Critically, it has suffered immensely from the pressure of Brexit, which has been a wrecking ball in so many ways. Responsibility lies overwhelmingly with those who promoted Brexit without recognising its implications for Northern Ireland, and then with Boris Johnson and his acolytes. I myself wonder if the EU and the Irish Government may initially have been too dogmatic on the Protocol: but they were dealing with a negotiating partner which was first weak and divided, and then cynical and opportunistic. The Protocol has its problematic aspects but it is an inevitable result of Brexit as it was implemented. In any event, with the Windsor Framework the EU has moved a long way to address unionist concerns, both practical and political, and I just hope that Jeffrey Donaldson eventually has the skill and the good sense to find a way to claim victory and move back into the institutions.

Twenty-five years on, however, the Agreement has cemented peace in Northern Ireland and has transformed the everyday lives of people there.
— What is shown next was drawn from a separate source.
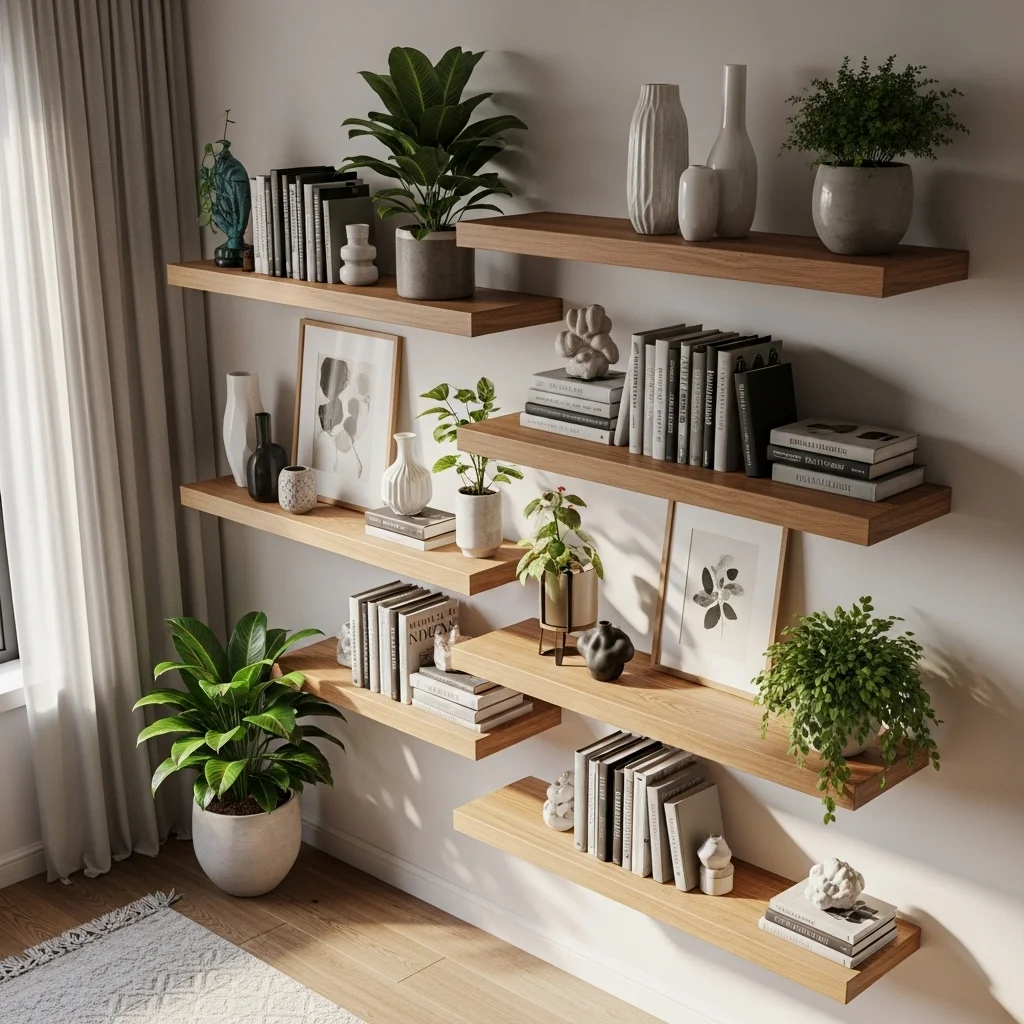  Staggered Wooden Wall Shelves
I am also certain that an end to violence on the island was a crucial factor in the transformation we have seen in the Republic and did wonders for our international reputation.

There is much to do to exploit its full potential and to build a secure and prosperous future of opportunity for the young, as emphasised by President Biden in Belfast on Tuesday. But Dermot Gallagher and his generation of leaders made an extraordinary contribution to the well-being of Ireland, which we rightly celebrate today. It is now up to following generations to finish the job they started.